▶ _Exercise_:
Below, some lines carry pictures; leave those pictures out and retype exactly the lines from the one with "As you can see" through the one with "Welcome to Bitter".

(Stored data)
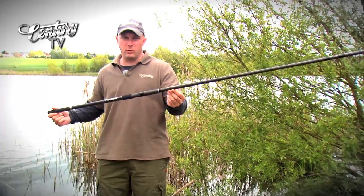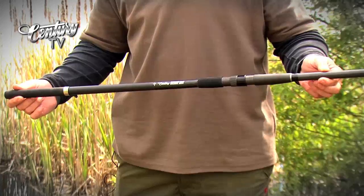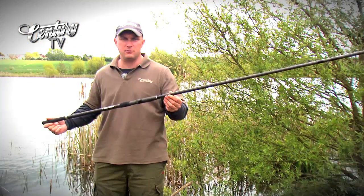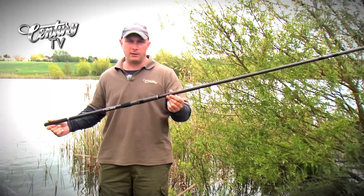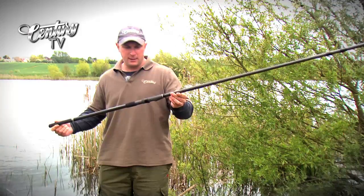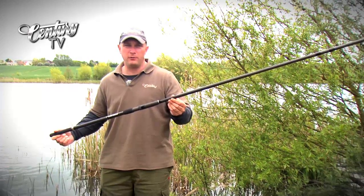The idea behind rods like this is that if you're using a long distance rod — if you're using an FMA or an SP or something in that distance range — and you're going to fish at those ranges, it's no good if you can't get your bait out to that range. So the idea with this being as powerful a rod as it is, is that you can get bait out at the same range that you plan on fishing at.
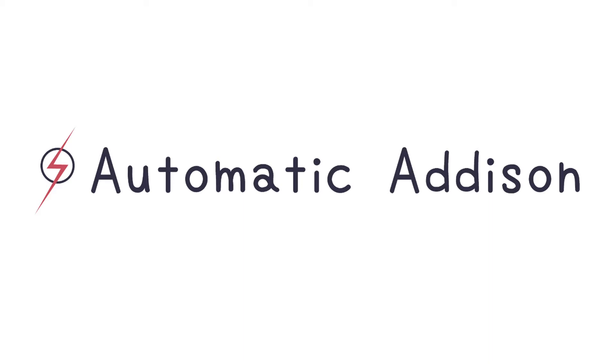Automatic Addison. Hi, this is Automatic Addison. Today I'm going to demonstrate automated pick and place.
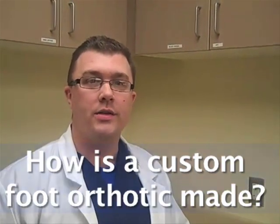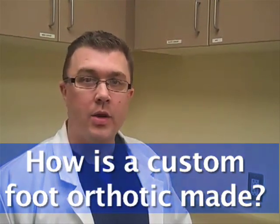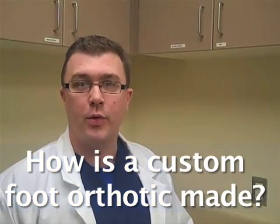Hi, I'm Dr. DeBruhl, and our question is: how is a custom foot orthotic made? I'm here today in my own custom foot orthotic lab to give you a quick demonstration.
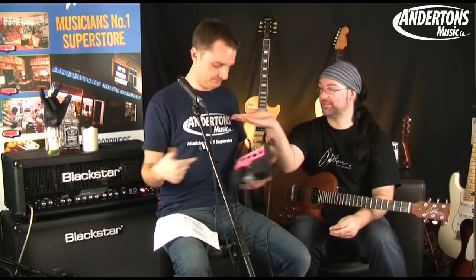Greetings! I'm Chappers, and I'm the Captain. We're at Anderton's doing some demonstrations of this fantastic RC-30 looper pedal by BOSS. Brand new — bringing you world exclusives here with Chappers and the Captain.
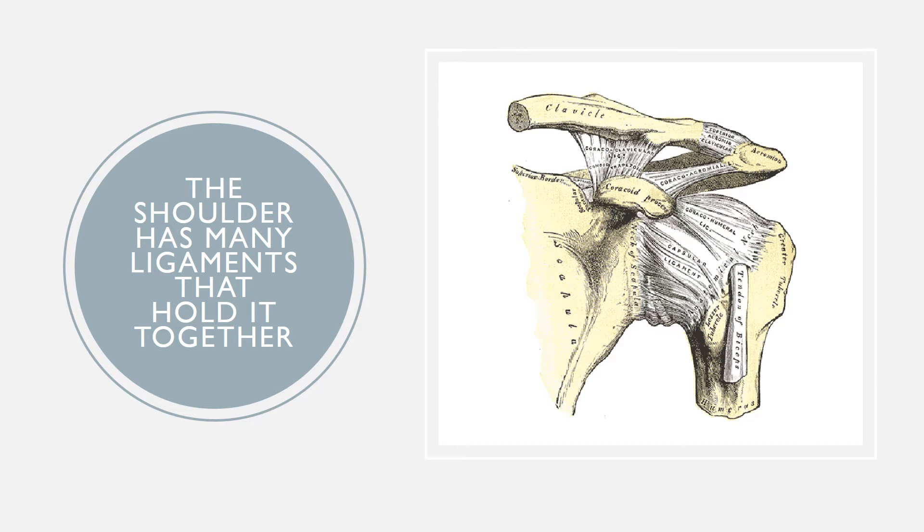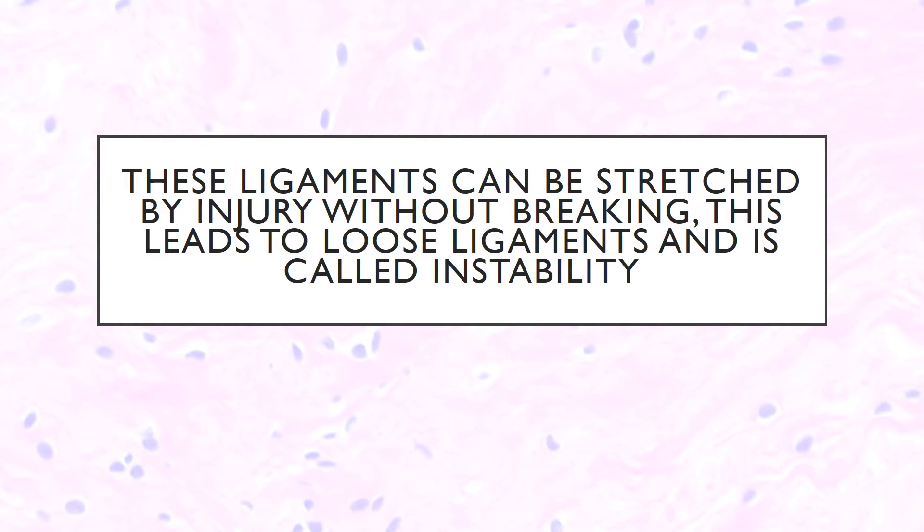So why would that be? Well, the shoulder is held together by many ligaments, and those are the ligaments that are seen in white there to the right. These ligaments can be stretched by injury without breaking, and this leads to loose ligaments — this is called instability.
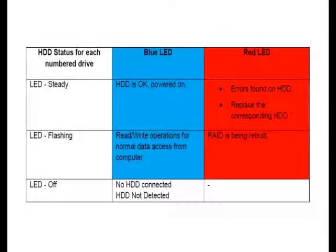As you can see from this chart, a steady blue light means that the drive is powered on and is functioning normally. A steady red light indicates that the drive has errors and should be replaced immediately. A blinking or flashing blue light means that the drive is currently being used, whereas a flashing red light means that the drive is currently being rebuilt back into the array. This would typically happen after a drive has been replaced.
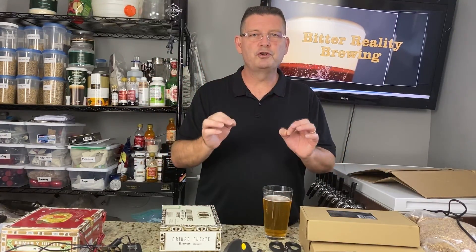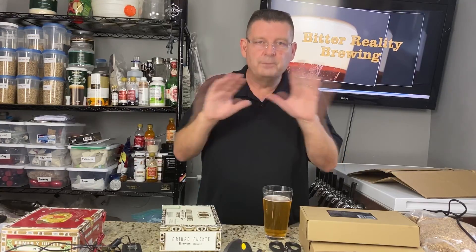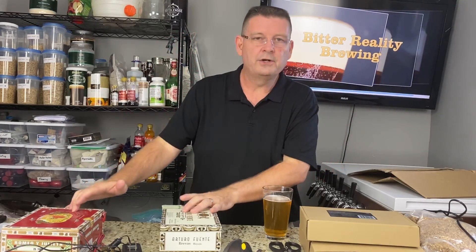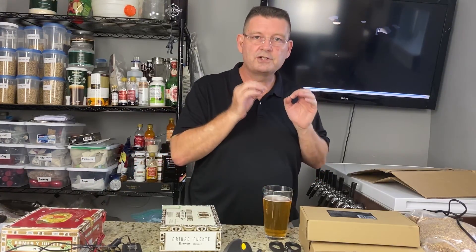Welcome to Bitter Reality Brewing. Today we're gonna make super, super easy stir plates — like the easiest stir plate you've ever made. I mean stupid simple. We're gonna show you stir plates that are free or close to free, and then ones that are extremely inexpensive — a little over $10 per plate, $20 for a pair.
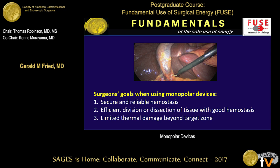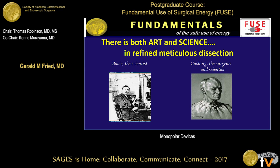Everybody in the audience uses monopolar instrumentation when they do surgery — it's part of every set, open and laparoscopic. Why do we use it? Our goal is really threefold: secure and reliable hemostasis in a convenient fashion; efficiency in the course of the operation; and limiting the thermal damage beyond our target — beyond the area we're intentionally trying to treat with energy. The science and physics are the underpinning of how we use these devices safely.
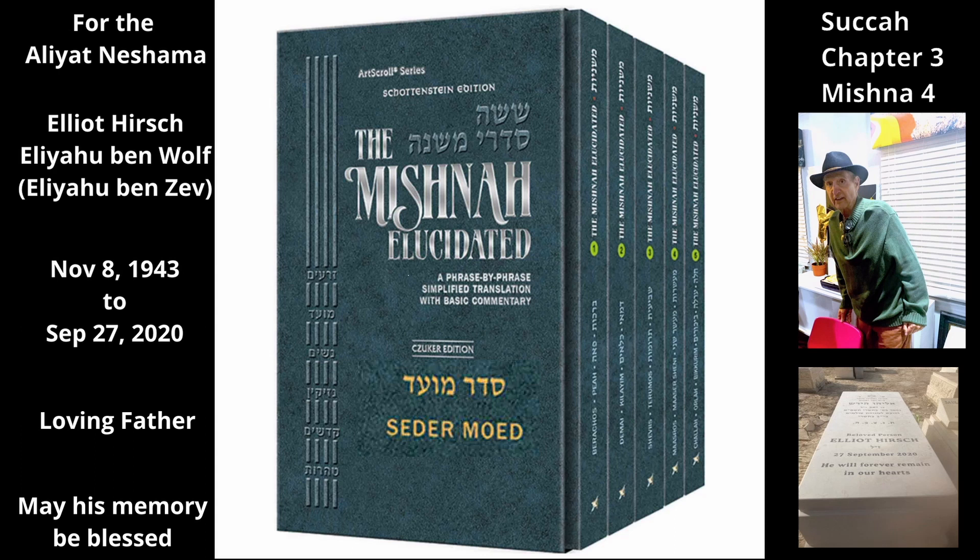The next Tana disagrees about the required numbers. Rebbe Akiva says just as one needs only one lulav and one etrog, so too one needs only one hadas and one aravah.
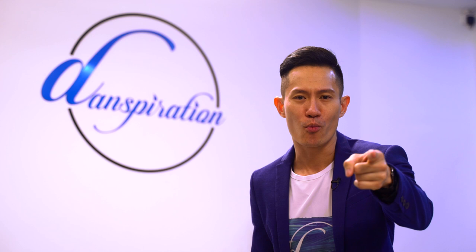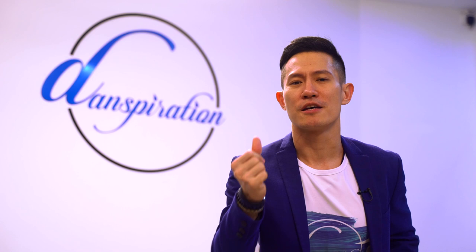Hello, fabulous people! Welcome to Dance-spiration! You're watching Latin dance with Howard Look. Today, I'm gonna show you some tips for Latin competitive dancing. Are you ready? Five, six, seven, go!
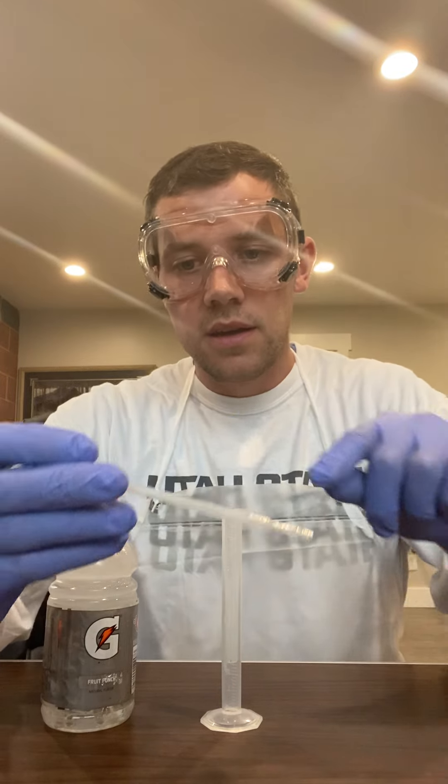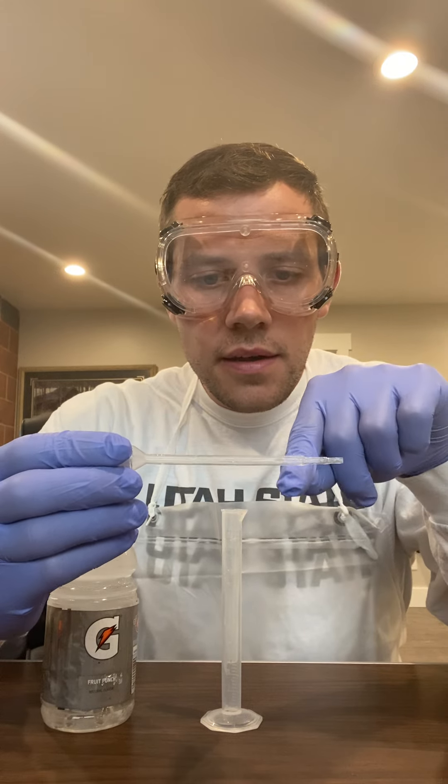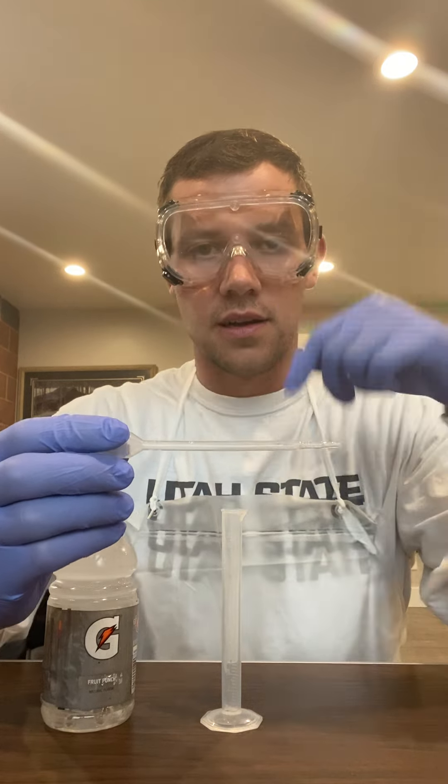Our pipette here — right here is the line measuring one milliliter. We have half a milliliter, and that is all that this one will measure. So I need half a milliliter from this Gatorade bottle into my graduated cylinder, but the problem is all of my trusty followers know that my graduated cylinder measures in increments of 0.2. So we're gonna need a pipette in order to make this happen.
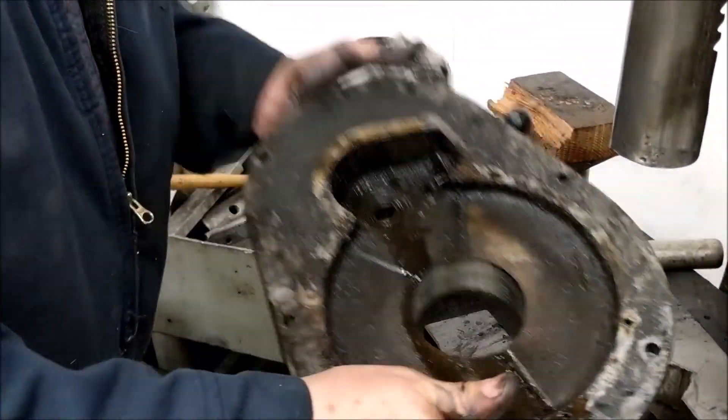Basically, that is all there is to it. I have now disassembled the Bridgeport step pulley top half head. I will be doing more videos on reassembling certain parts of this head, so stay tuned. As always, thank you for watching and please subscribe to our YouTube channel.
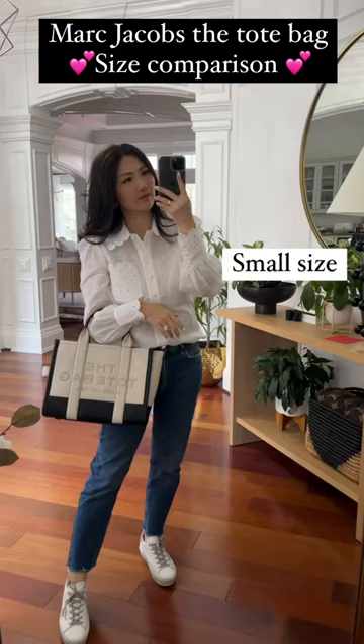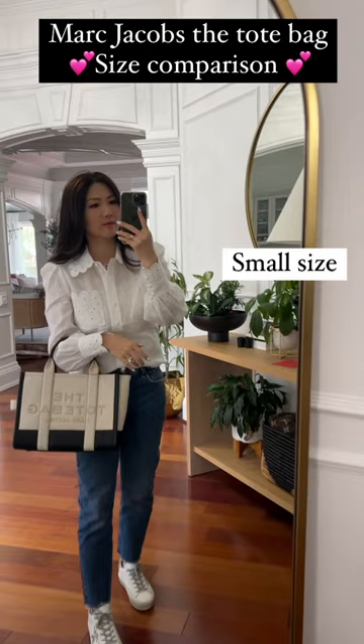This is size small. I love the color block — black and white — really, really pretty.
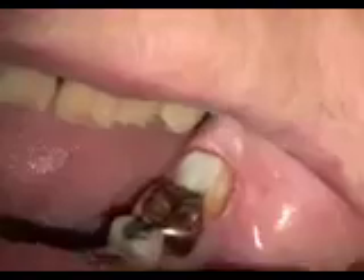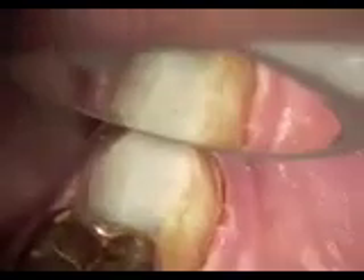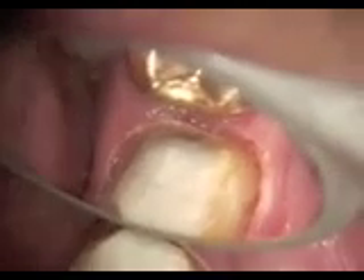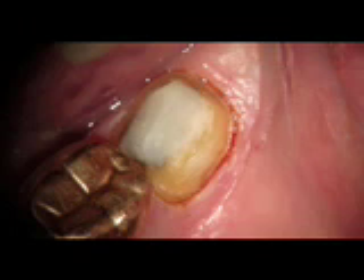You can see here the blue handpiece and the laser. We're almost complete here — with the actual view you can see afterwards. We've completed the troughing, using the mirror to show a little bit of the view here. Now we're ready for the impression. This is the tooth before troughing, or after troughing, and ready for impressions.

▶ _Answer section_:
As you can see from this chart, a steady blue light means that the drive is powered on and is functioning normally. A steady red light indicates that the drive has errors and should be replaced immediately. A blinking or flashing blue light means that the drive is currently being used, whereas a flashing red light means that the drive is currently being rebuilt back into the array. This would typically happen after a drive has been replaced.
Welcome to Bitter Reality Brewing. Today we're gonna make super, super easy stir plates — like the easiest stir plate you've ever made. I mean stupid simple. We're gonna show you stir plates that are free or close to free, and then ones that are extremely inexpensive — a little over $10 per plate, $20 for a pair.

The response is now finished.